The Report describes how the model was built, how cross validation was used, the expected out of sample error, and why the choices were made.
Finally, the prediction model is used to predict 20 different test cases to determine it’s accuracy.
Apply the machine learning algorithm you built to each of the 20 test cases in the testing data set. See the prediction assignment writeup below on how model to be build. For each test case, submit a text file with a single capital letter (A, B, C, D, or E) corresponding to your prediction for the corresponding problem in the test data set. Score is 1 point for each correct answer. May be submitted up to 2 times for each problem.
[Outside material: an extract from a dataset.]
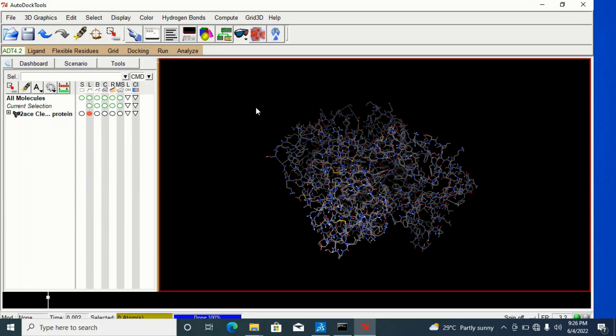So this is how we prepare our files, our protein, our ligand, and our grid option for molecular docking. All are ready now. The next thing is to perform your molecular docking. Thank you and see you in the next video.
It is a lot of files to submit so it may be helpful to use the following function to create the files from a character vector with the 20 predictions in correct order for the 20 problems.
Something like (note these are not the right answers!):
answers = rep("A", 20)
then load the following function by copying and pasting it into R:
pml_write_files = function(x){
n = length(x)
for(i in 1:n){
filename = paste0("problem_id_",i,".txt")
write.table(x[i],file=filename,quote=FALSE,row.names=FALSE,col.names=FALSE)
}
}
create a folder where the files are to be written. Set that to be your working directory and run:
pml_write_files(answers)
to create one file for each submission.
Note: using this script, make sure the files that get written out have one character each with the prediction for the corresponding problem ID. The script produces strange results if the answers variable is not a character vector.